The ordinance (§ 56, subd. 15) which this defendant is charged with violating, reads as follows: “No vehicle shall be parked on any public street within the corporate limits of the Village of Spring Valley between the hours of 2:00 a.m. and 6:00 a.m. during the period beginning November 15th and ending April 1st of each year.” (Adopted Dec. 23, 1957.)

On January 27,1958 subdivision 15 of section 56 was amended so that the ordinance shall not apply to taxicabs properly parked in designated areas and to vehicles parked where the occupants are in establishments which are open during the hours between 2:00 a.m. and 6:00 a.m.
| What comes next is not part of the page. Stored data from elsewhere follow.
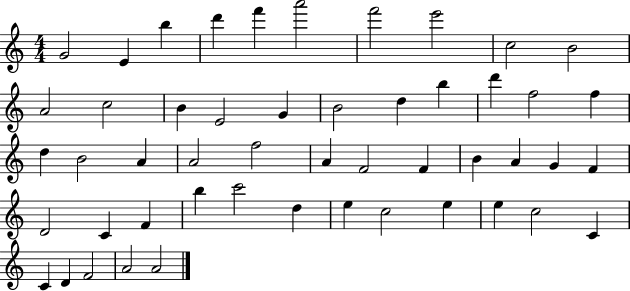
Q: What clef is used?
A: treble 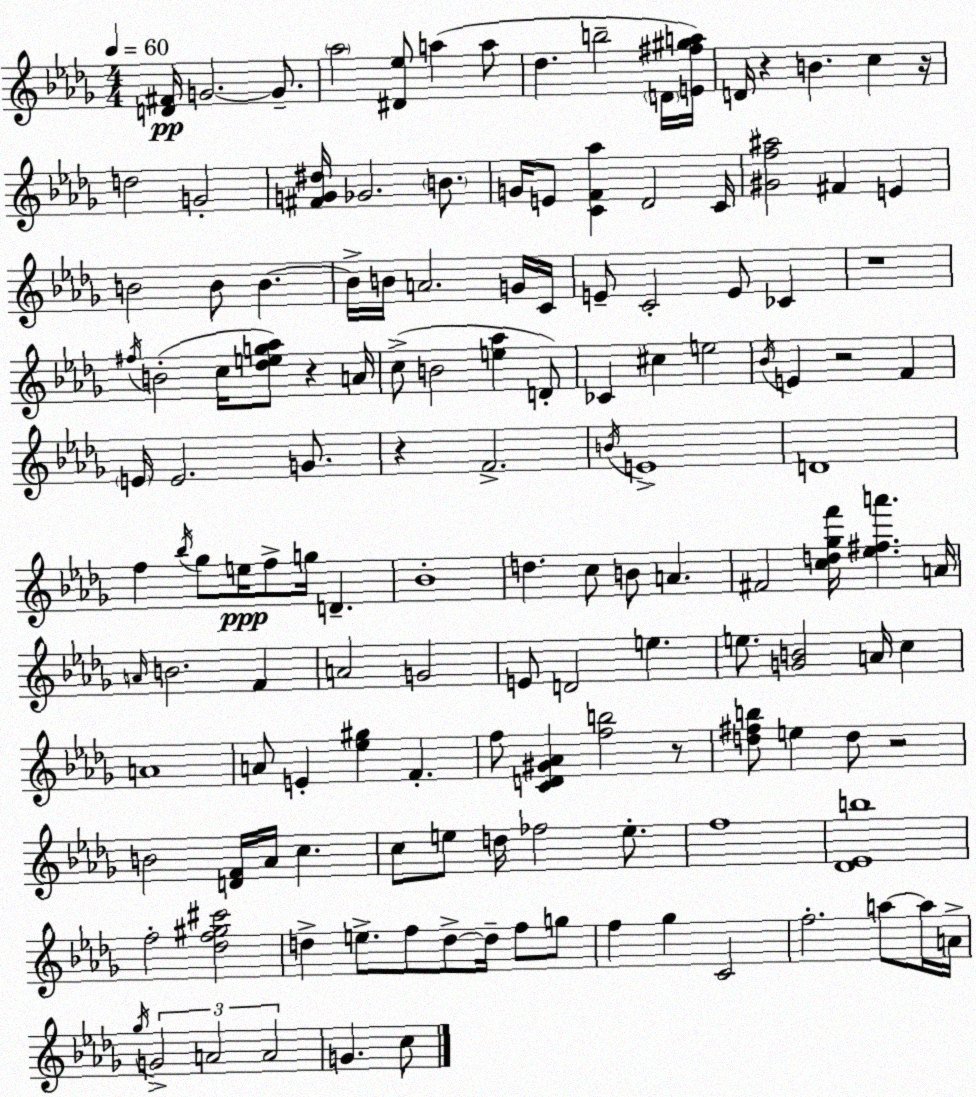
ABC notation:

X:1
T:Untitled
M:4/4
L:1/4
K:Bbm
[D^F]/4 G2 G/2 _a2 [^D_e]/2 a a/2 _d b2 D/4 [E^f^ga]/4 D/4 z B c z/4 d2 G2 [^FG^d]/4 _G2 B/2 G/4 E/2 [CF_a] _D2 C/4 [^Gf^a]2 ^F E B2 B/2 B B/4 B/4 A2 G/4 C/4 E/2 C2 E/2 _C z4 ^f/4 B2 c/4 [_deg_a]/2 z A/4 c/2 B2 [e_a] D/2 _C ^c e2 _B/4 E z2 F E/4 E2 G/2 z F2 B/4 E4 D4 f _b/4 _g/2 e/4 f/2 g/4 D _B4 d c/2 B/2 A ^F2 [cd_gf']/4 [_e^fa'] A/4 A/4 B2 F A2 G2 E/2 D2 e e/2 [GB]2 A/4 c A4 A/2 E [_e^g] F f/2 [CD^G_A] [fb]2 z/2 [d^fb]/2 e d/2 z2 B2 [DF]/4 _A/4 c c/2 e/2 d/4 _f2 e/2 f4 [_D_Eb]4 f2 [_df^g^c']2 d e/2 f/2 d/2 d/4 f/2 g/2 f _g C2 f2 a/2 a/4 A/4 _g/4 G2 A2 A2 G c/2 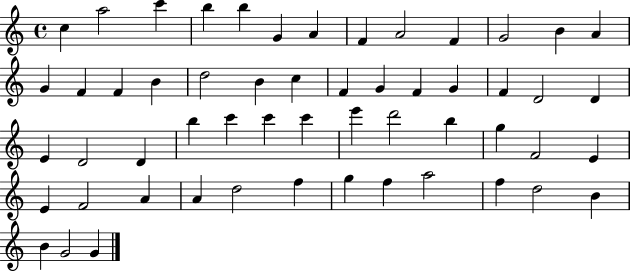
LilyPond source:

{
  \clef treble
  \time 4/4
  \defaultTimeSignature
  \key c \major
  c''4 a''2 c'''4 | b''4 b''4 g'4 a'4 | f'4 a'2 f'4 | g'2 b'4 a'4 | \break g'4 f'4 f'4 b'4 | d''2 b'4 c''4 | f'4 g'4 f'4 g'4 | f'4 d'2 d'4 | \break e'4 d'2 d'4 | b''4 c'''4 c'''4 c'''4 | e'''4 d'''2 b''4 | g''4 f'2 e'4 | \break e'4 f'2 a'4 | a'4 d''2 f''4 | g''4 f''4 a''2 | f''4 d''2 b'4 | \break b'4 g'2 g'4 | \bar "|."
} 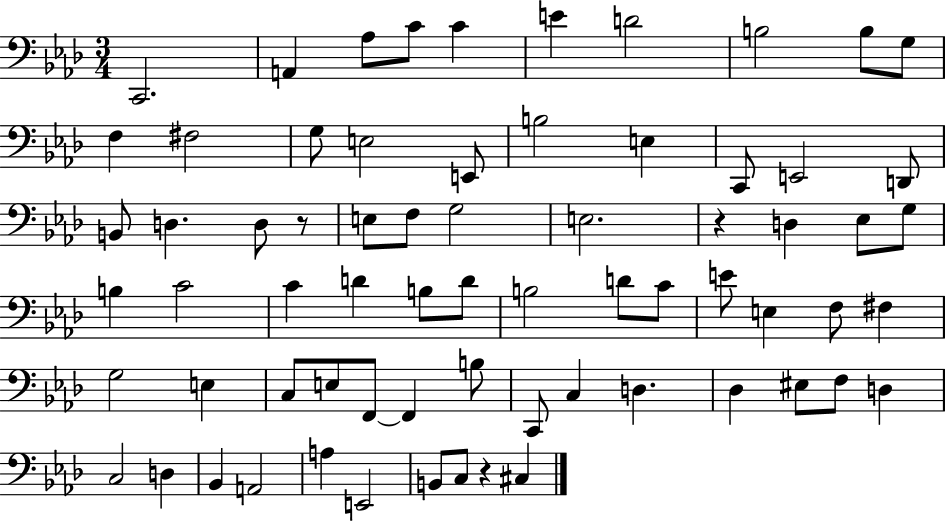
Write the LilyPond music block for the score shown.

{
  \clef bass
  \numericTimeSignature
  \time 3/4
  \key aes \major
  \repeat volta 2 { c,2. | a,4 aes8 c'8 c'4 | e'4 d'2 | b2 b8 g8 | \break f4 fis2 | g8 e2 e,8 | b2 e4 | c,8 e,2 d,8 | \break b,8 d4. d8 r8 | e8 f8 g2 | e2. | r4 d4 ees8 g8 | \break b4 c'2 | c'4 d'4 b8 d'8 | b2 d'8 c'8 | e'8 e4 f8 fis4 | \break g2 e4 | c8 e8 f,8~~ f,4 b8 | c,8 c4 d4. | des4 eis8 f8 d4 | \break c2 d4 | bes,4 a,2 | a4 e,2 | b,8 c8 r4 cis4 | \break } \bar "|."
} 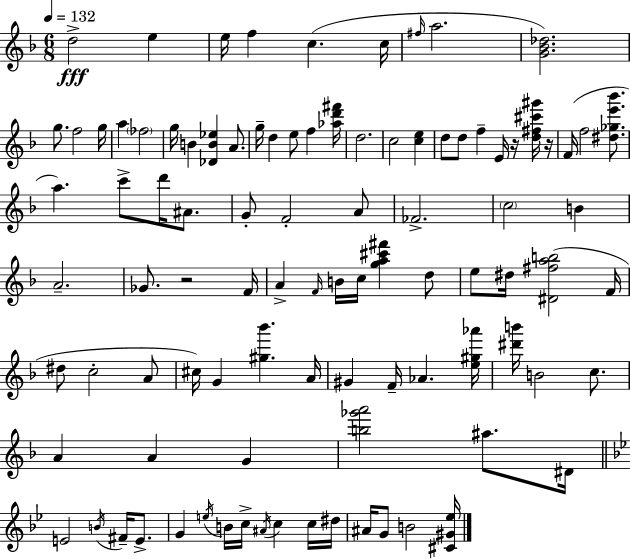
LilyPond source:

{
  \clef treble
  \numericTimeSignature
  \time 6/8
  \key f \major
  \tempo 4 = 132
  \repeat volta 2 { d''2->\fff e''4 | e''16 f''4 c''4.( c''16 | \grace { fis''16 } a''2. | <g' bes' des''>2.) | \break g''8. f''2 | g''16 a''4 \parenthesize fes''2 | g''16 b'4 <des' b' ees''>4 a'8. | g''16-- d''4 e''8 f''4 | \break <aes'' d''' fis'''>16 d''2. | c''2 <c'' e''>4 | d''8 d''8 f''4-- e'16 r16 <d'' fis'' cis''' gis'''>16 | r16 f'16( f''2 <dis'' ges'' e''' bes'''>8. | \break a''4.) c'''8-> d'''16 ais'8. | g'8-. f'2-. a'8 | fes'2.-> | \parenthesize c''2 b'4 | \break a'2.-- | ges'8. r2 | f'16 a'4-> \grace { f'16 } b'16 c''16 <g'' a'' cis''' fis'''>4 | d''8 e''8 dis''16 <dis' fis'' a'' b''>2( | \break f'16 dis''8 c''2-. | a'8 cis''16) g'4 <gis'' bes'''>4. | a'16 gis'4 f'16-- aes'4. | <e'' gis'' aes'''>16 <dis''' b'''>16 b'2 c''8. | \break a'4 a'4 g'4 | <b'' ges''' a'''>2 ais''8. | dis'16 \bar "||" \break \key g \minor e'2 \acciaccatura { b'16 } fis'16-- e'8.-> | g'4 \acciaccatura { e''16 } b'16 c''16-> \acciaccatura { ais'16 } c''4 | c''16 dis''16 ais'16 g'8 b'2 | <cis' gis' ees''>16 } \bar "|."
} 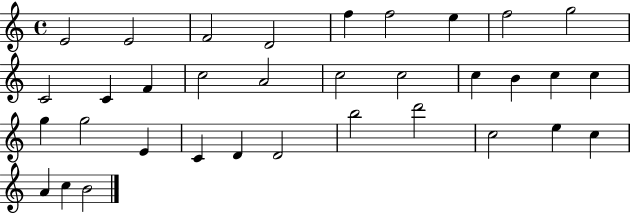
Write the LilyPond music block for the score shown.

{
  \clef treble
  \time 4/4
  \defaultTimeSignature
  \key c \major
  e'2 e'2 | f'2 d'2 | f''4 f''2 e''4 | f''2 g''2 | \break c'2 c'4 f'4 | c''2 a'2 | c''2 c''2 | c''4 b'4 c''4 c''4 | \break g''4 g''2 e'4 | c'4 d'4 d'2 | b''2 d'''2 | c''2 e''4 c''4 | \break a'4 c''4 b'2 | \bar "|."
} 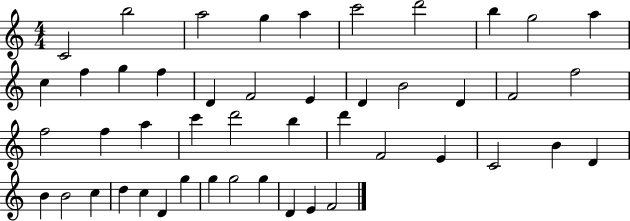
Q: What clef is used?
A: treble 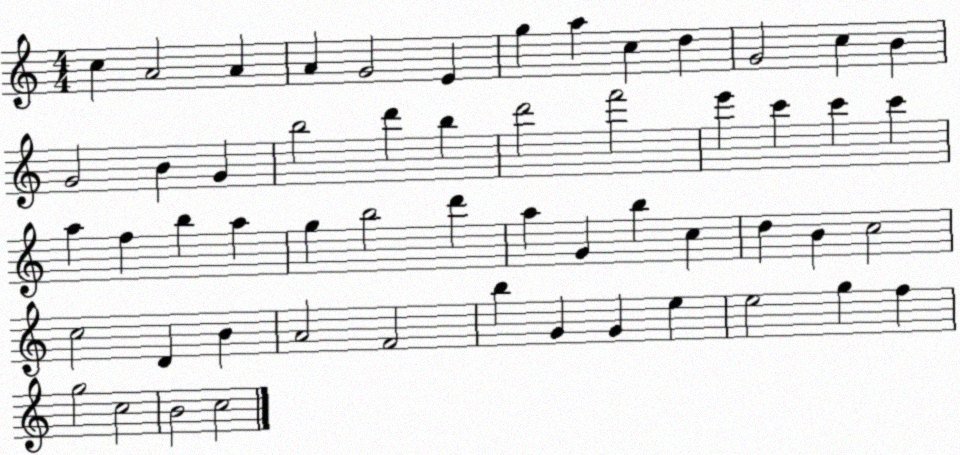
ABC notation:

X:1
T:Untitled
M:4/4
L:1/4
K:C
c A2 A A G2 E g a c d G2 c B G2 B G b2 d' b d'2 f'2 e' c' c' c' a f b a g b2 d' a G b c d B c2 c2 D B A2 F2 b G G e e2 g f g2 c2 B2 c2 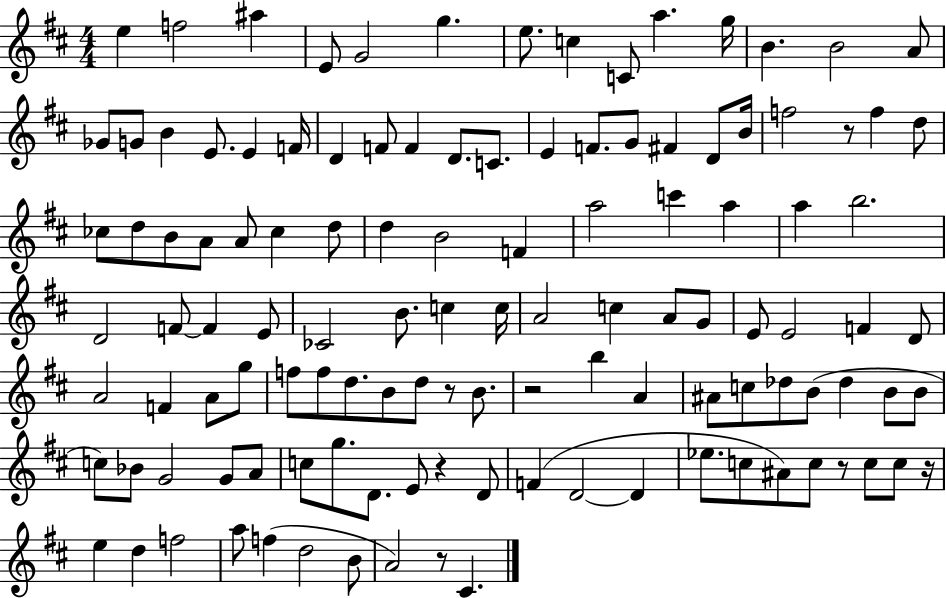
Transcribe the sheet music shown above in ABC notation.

X:1
T:Untitled
M:4/4
L:1/4
K:D
e f2 ^a E/2 G2 g e/2 c C/2 a g/4 B B2 A/2 _G/2 G/2 B E/2 E F/4 D F/2 F D/2 C/2 E F/2 G/2 ^F D/2 B/4 f2 z/2 f d/2 _c/2 d/2 B/2 A/2 A/2 _c d/2 d B2 F a2 c' a a b2 D2 F/2 F E/2 _C2 B/2 c c/4 A2 c A/2 G/2 E/2 E2 F D/2 A2 F A/2 g/2 f/2 f/2 d/2 B/2 d/2 z/2 B/2 z2 b A ^A/2 c/2 _d/2 B/2 _d B/2 B/2 c/2 _B/2 G2 G/2 A/2 c/2 g/2 D/2 E/2 z D/2 F D2 D _e/2 c/2 ^A/2 c/2 z/2 c/2 c/2 z/4 e d f2 a/2 f d2 B/2 A2 z/2 ^C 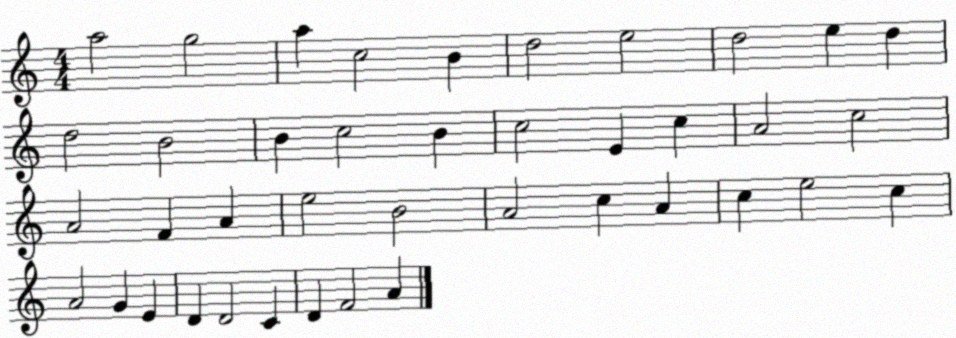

*113Subdivision 16 of section 56 of the Ordinance of the Village of Spring Valley provides the penalties for violating subdivision 15 of section 56 (a) for a first offense, up to $10; (b) for a second offense not less than $10 nor more than $25, or imprisonment for not less than 2 days nor more than 15 days; (c) for a third offense, a $100 fine or 6 months in jail, or both.

The motive of the Village Board of the Village of Spring Valley in passing the above ordinance was a commendable one, their intent, to rid the streets of Spring Valley of automobiles parked overnight during the Winter season, so that in the event of a snowfall, snow removal would be facilitated.

The sole question before the court is whether or not the provisions of the Vehicle and Traffic Law, wherein lies the authority of the village to restrict parking entirely, impose a duty on the municipality seeking to restrict parldng to post suitable signs. Here there are no signs.

Section 1683 of the Vehicle and Traffic Law (derived from former § 86, subd. 1) provides that no ordinance or regulation made by local authorities under the powers conferred by this statute 1 ‘ shall be effective until signs or markings giving notice thereof are posted ” (subd. [a]) if the effect of the ordinance or regulation is, among other things, to (par. 8) Prohibit, restrict or limit the stopping, standing or parking of vehicles.”

In People v. Evans (205 Misc. 886 [1954]) a case in which the municipality had failed to post any ‘1 no parking ’ ’ signs, the court held, under the former subdivision 1 of section 86 of the law, that if the requirements of the section were not satisfied, the Village Ordinance would not be enforcible even against persons having actual notice thereof.

It is clear that the Legislature, through the enactment of the Vehicle and Traffic Law, concluded that motorists should be presumed to know the provisions of law regulating operation of vehicles on the highways outside of municipalities, but could not be presumed to know the various ordinances enacted by different cities and villages, and therefore required municipalities to erect signs warning motorists.

The language of section 1683 of the Vehicle and Traffic Law is clear and the duty imposed upon the municipality seeking to restrict parking is likewise unequivocal. Good motive and intent cannot be considered.

It is the conclusion of this court that the provisions of the Vehicle and Traffic Law of the State of New York impose a duty on a municipality seeking to restrict parking to post suitable signs before the ordinance shall be effective.

On the basis of the foregoing, the complaint is dismissed.